- ASSIGNED TASK:
With the images set aside, retype every record below character for character.

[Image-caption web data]
--*--

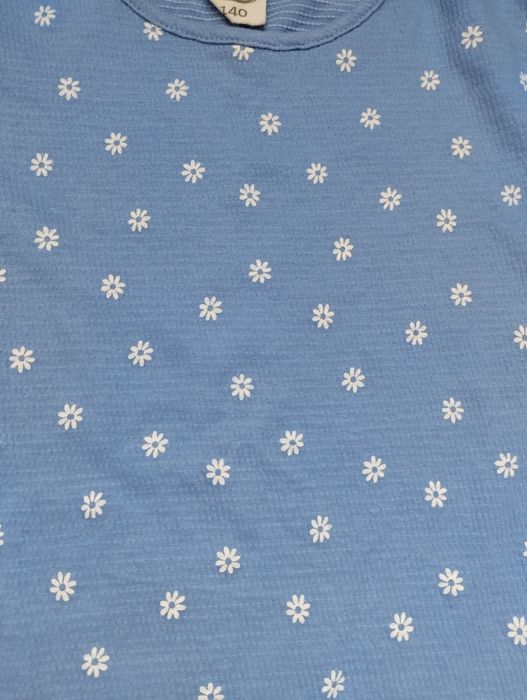 Bluzki zielona i niebieska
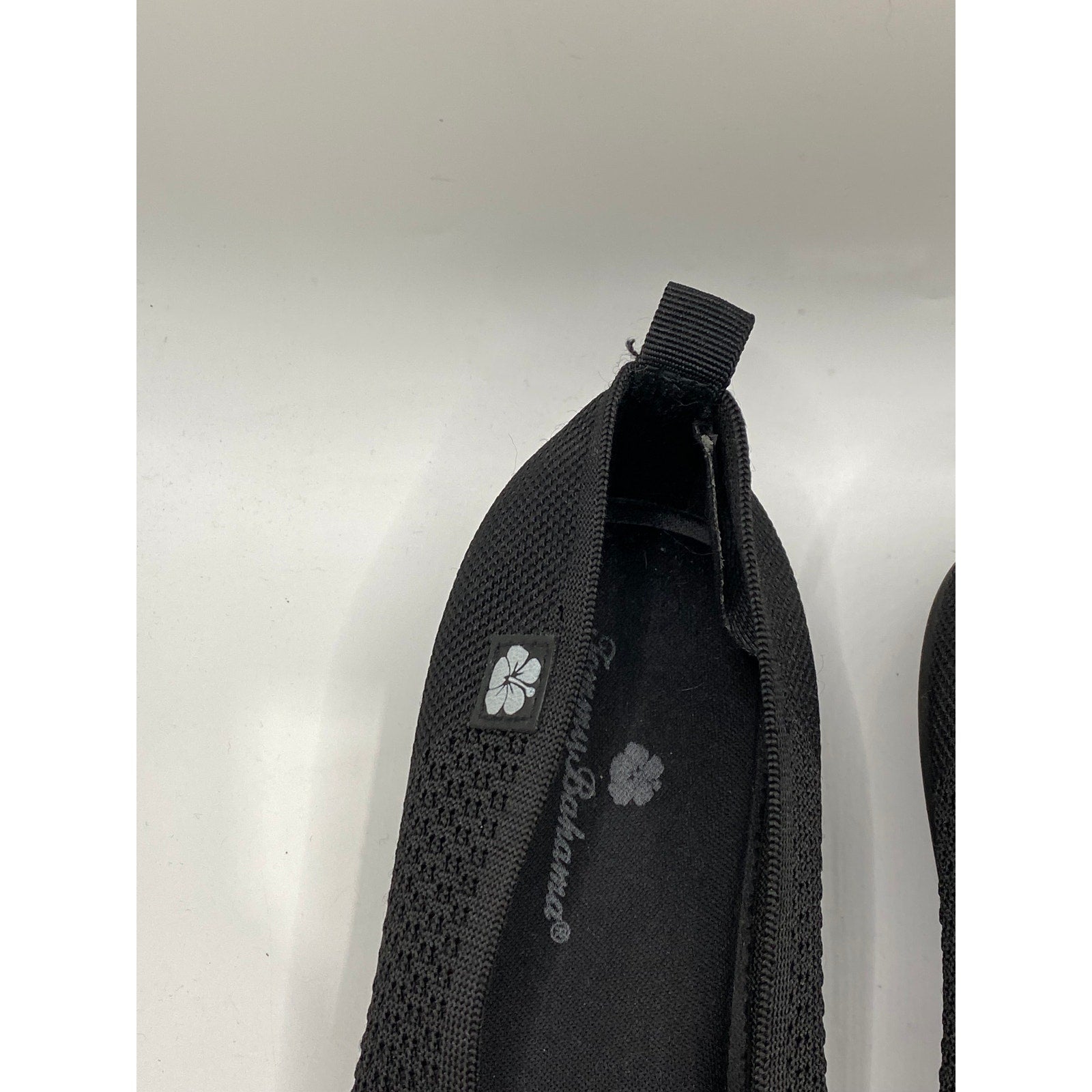 TOMMY BAHAMA Women's Black Knit Round-Toe Casual Lightweight Slip-On Shoes SZ6.5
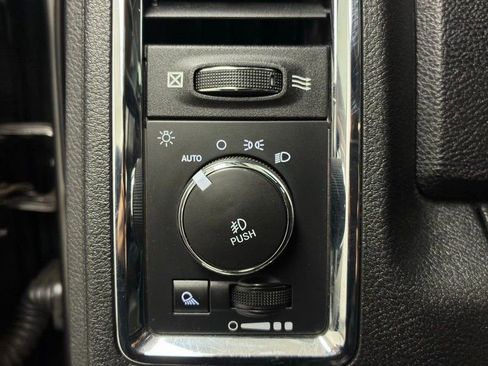 Used 2018 RAM 2500 Laramie image 55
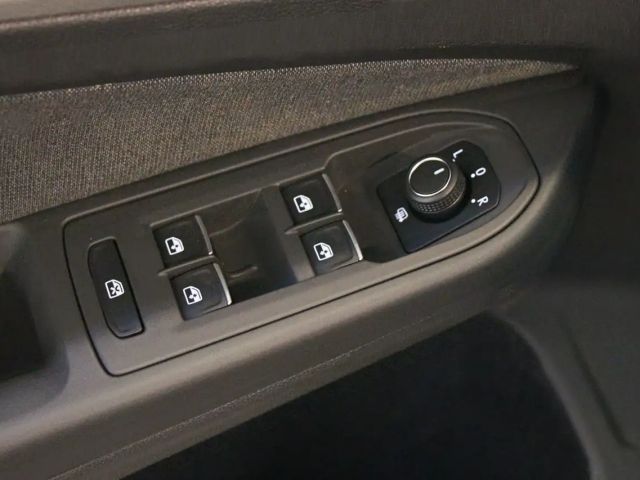 Volkswagen Golf 2.0 TDI Life Variant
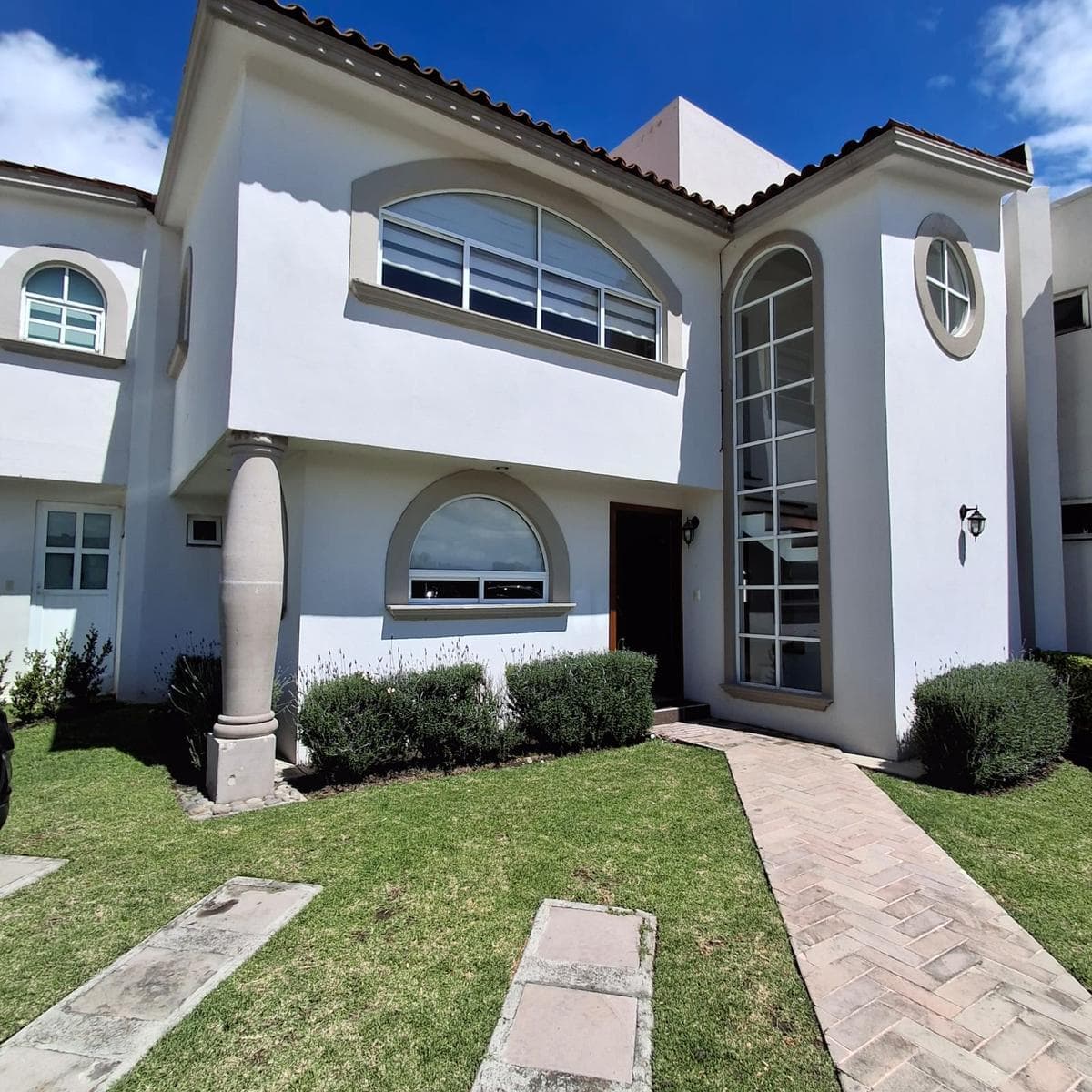 RENTA DE CASA EN FRACCIONAMIENTO VILLAS COUNTRY METEPEC - 1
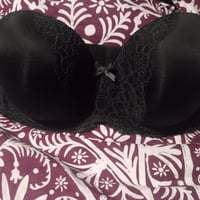 Gallery image 2 for Victoria's Secret Bra, 36DD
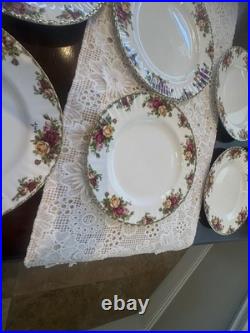 6 1962 Royal Albert Old Country Roses10.5 Dinner Plates Bone China 22K Gold Rim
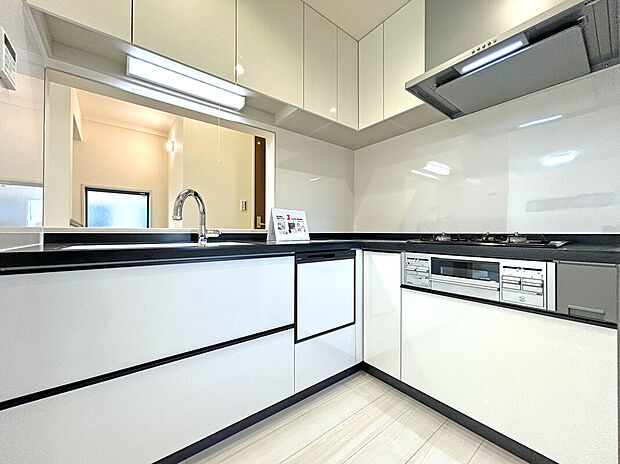 【Kitchen】
あると便利な食洗器搭載キッチン。手洗いの時間や労力を大幅に削減でき、家事の効率化が図れ、空いた時間に他の作業やのんびり家族との時間が増えます。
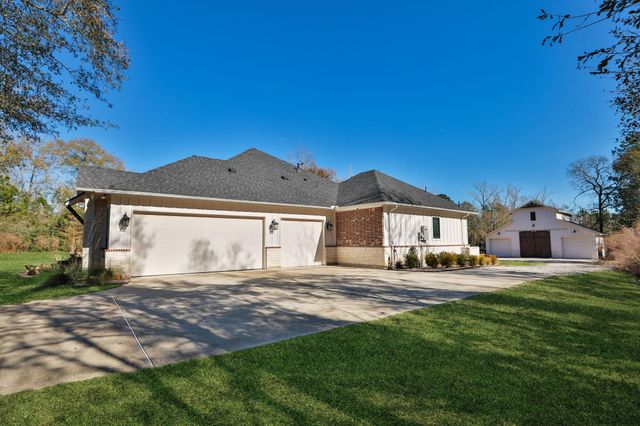 26211-3 Crown Ranch Boulevard, Montgomery, TX 77316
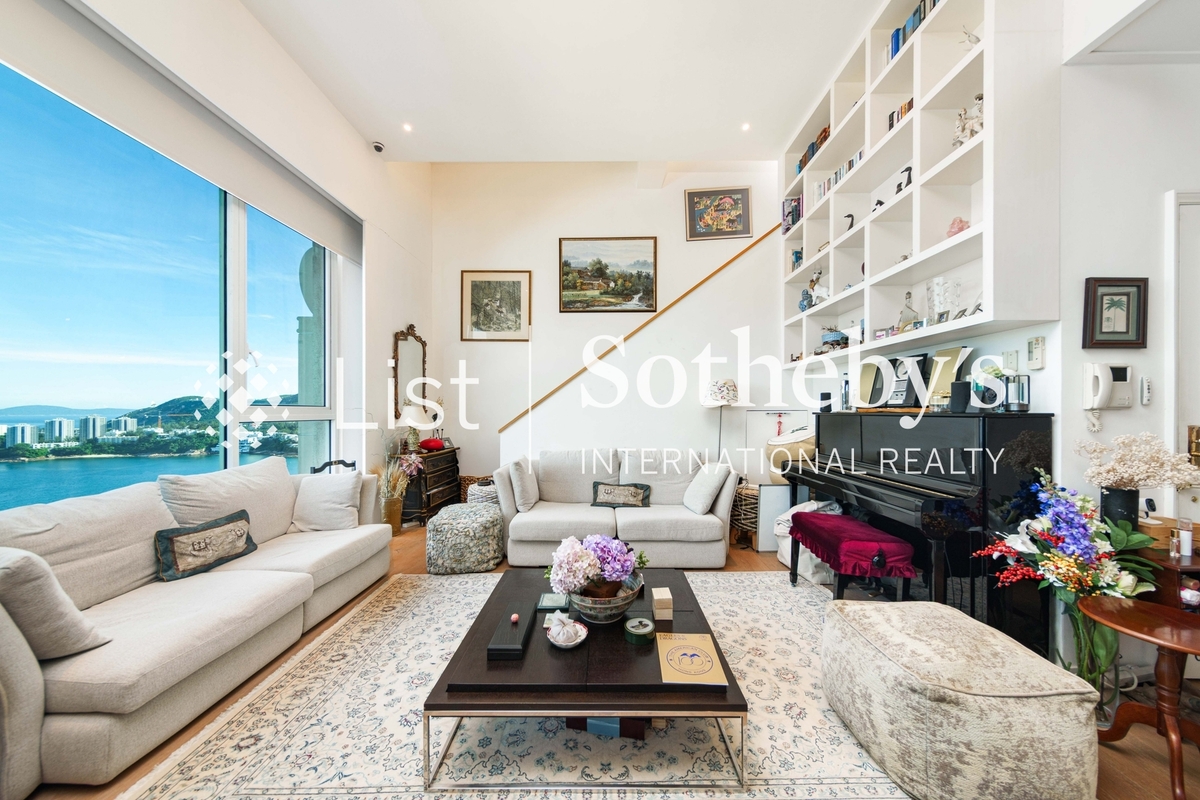 Bluewater Bluewater | Living Room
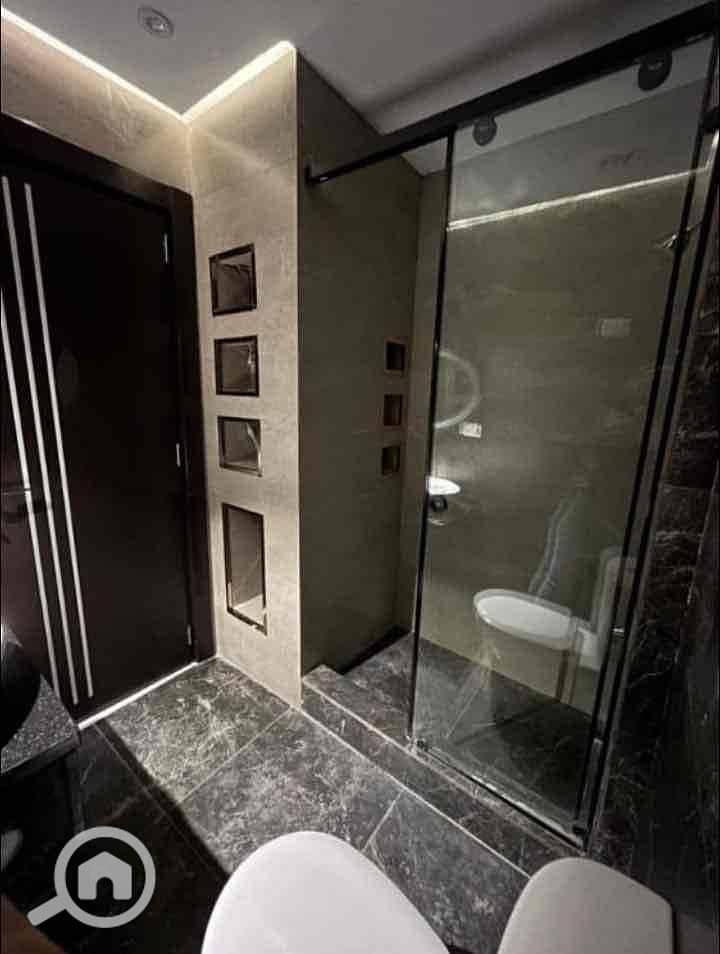 8 0f950def-cacc-4d35-95d6-58ba9d8e0b9b. jpg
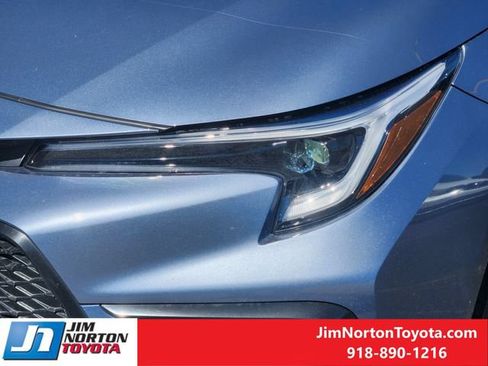 Used 2025 Toyota Corolla SE w/ SE Premium Package FWD image 11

--*--

- RESULT FOR THIS EXERCISE:
 Bluzki zielona i niebieska
 TOMMY BAHAMA Women's Black Knit Round-Toe Casual Lightweight Slip-On Shoes SZ6.5
 Used 2018 RAM 2500 Laramie image 55
 Volkswagen Golf 2.0 TDI Life Variant
 RENTA DE CASA EN FRACCIONAMIENTO VILLAS COUNTRY METEPEC - 1
 Gallery image 2 for Victoria's Secret Bra, 36DD
 6 1962 Royal Albert Old Country Roses10.5 Dinner Plates Bone China 22K Gold Rim
 【Kitchen】
あると便利な食洗器搭載キッチン。手洗いの時間や労力を大幅に削減でき、家事の効率化が図れ、空いた時間に他の作業やのんびり家族との時間が増えます。
 26211-3 Crown Ranch Boulevard, Montgomery, TX 77316
 Bluewater Bluewater | Living Room
 8 0f950def-cacc-4d35-95d6-58ba9d8e0b9b. jpg
 Used 2025 Toyota Corolla SE w/ SE Premium Package FWD image 11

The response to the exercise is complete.